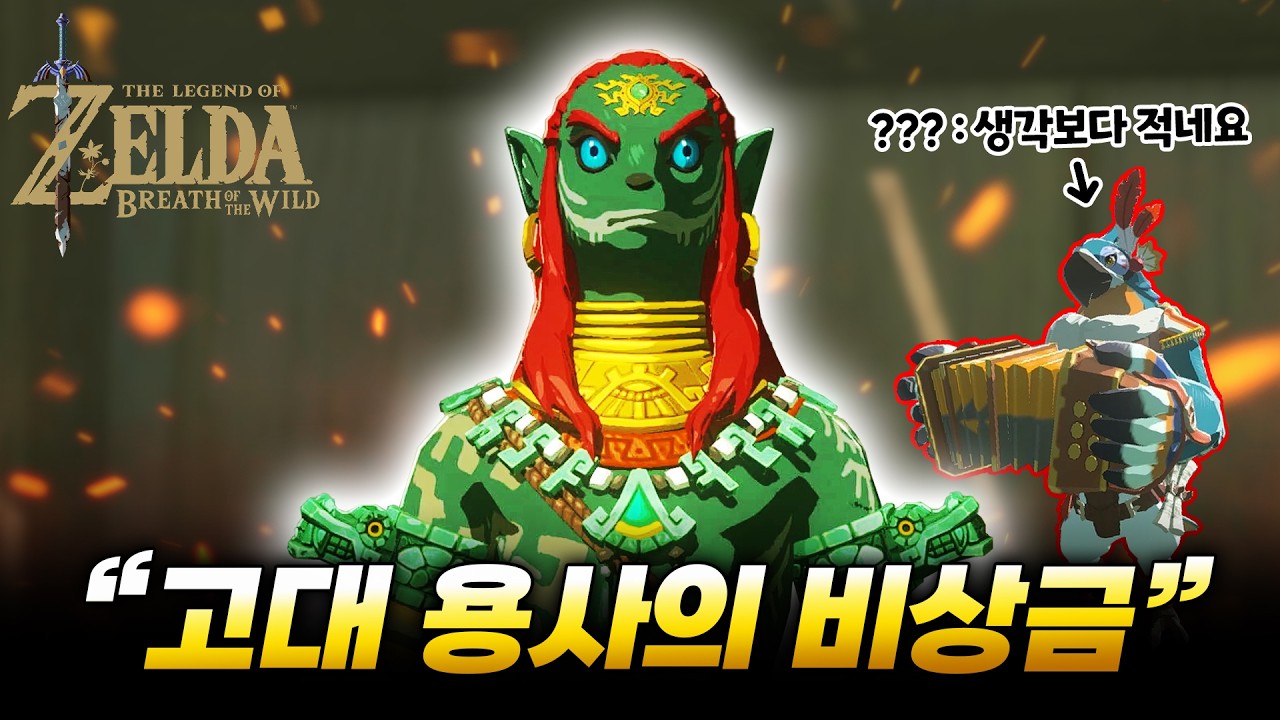 고대 용사가 숨겨놓은 비상금을 찾았습니다ㅋㅋㅋㅋ [젤다 야숨 서브 퀘스트 100% 도전]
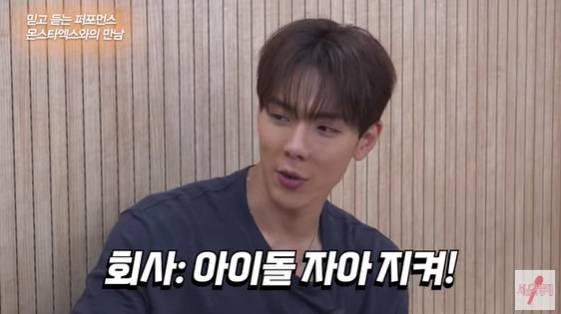 /사진=유튜브 채널 '세호가중계' 방송화면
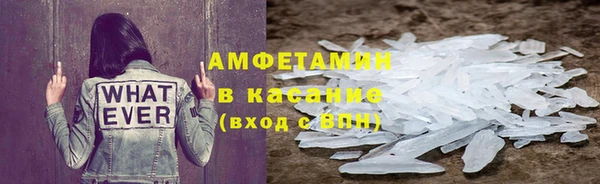прущий лед Новокубанск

§ Brief
What is wanted is the listing, written out exactly, with each picture removed.

§ Task response
 고대 용사가 숨겨놓은 비상금을 찾았습니다ㅋㅋㅋㅋ [젤다 야숨 서브 퀘스트 100% 도전]
 /사진=유튜브 채널 '세호가중계' 방송화면
прущий лед Новокубанск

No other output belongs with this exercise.